* **EXERCISE DIRECTIONS**
Would you please copy all of the data exactly, skipping the images?

* **DATA BLOCK**

───

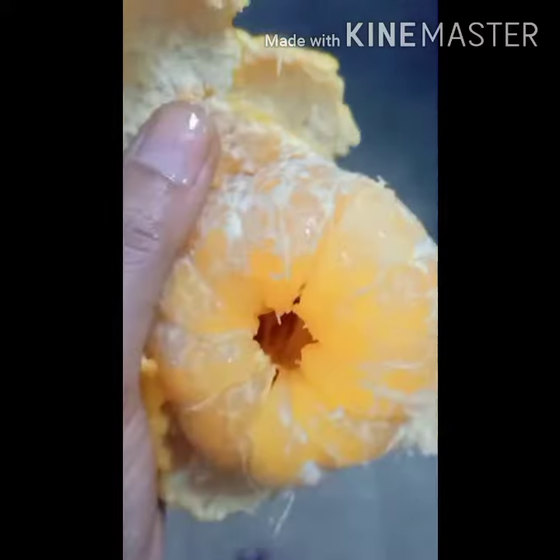See, maggots are inside the orange. While giving oranges to kids, be careful — small kids don't know. So be careful.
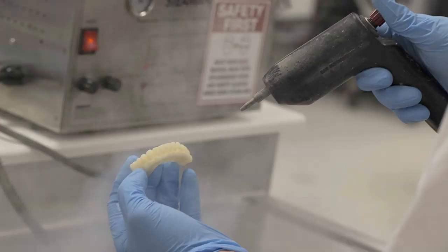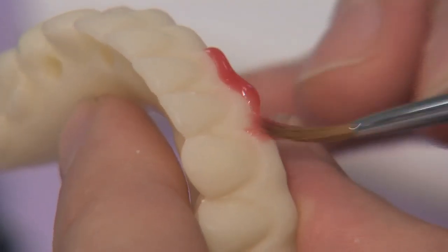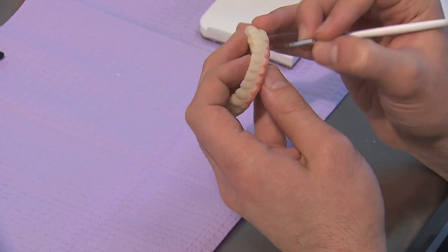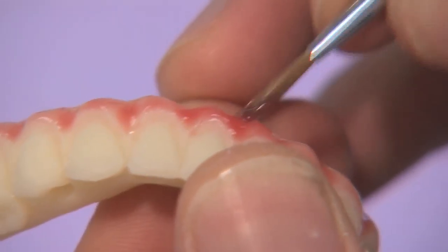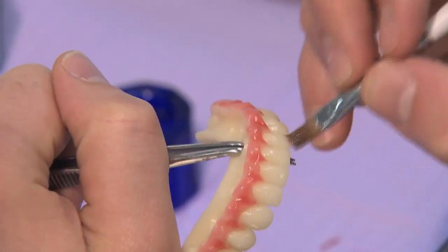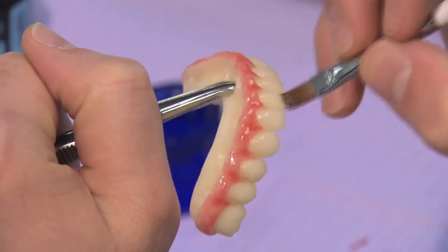It is then steam cleaned to ensure a particulate-free and sanitary surface prior to staining. Lastly, stain is applied to the gingival areas and glaze is applied to the entire surface of the provisional prosthesis to give a more natural-looking appearance during patient confirmation of the definitive design.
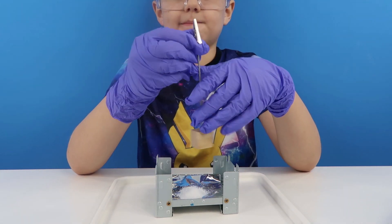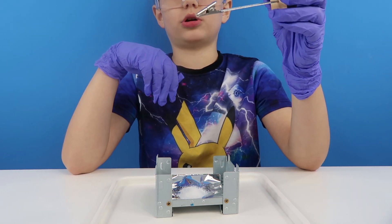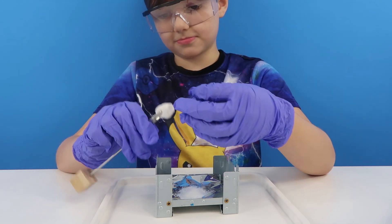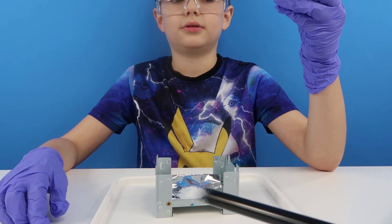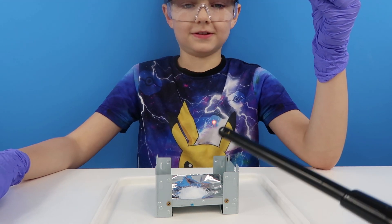Now we're going to pop a piece of marble — oh, this looks like an alligator wire. It does look like an alligator wire, yeah. So now it says that we need to light a splint, but I've actually been clever and I've got one of these cool lighters that will light from afar.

───

* **EXPECTED ANSWER**
See, maggots are inside the orange. While giving oranges to kids, be careful — small kids don't know. So be careful.
It is then steam cleaned to ensure a particulate-free and sanitary surface prior to staining. Lastly, stain is applied to the gingival areas and glaze is applied to the entire surface of the provisional prosthesis to give a more natural-looking appearance during patient confirmation of the definitive design.
Now we're going to pop a piece of marble — oh, this looks like an alligator wire. It does look like an alligator wire, yeah. So now it says that we need to light a splint, but I've actually been clever and I've got one of these cool lighters that will light from afar.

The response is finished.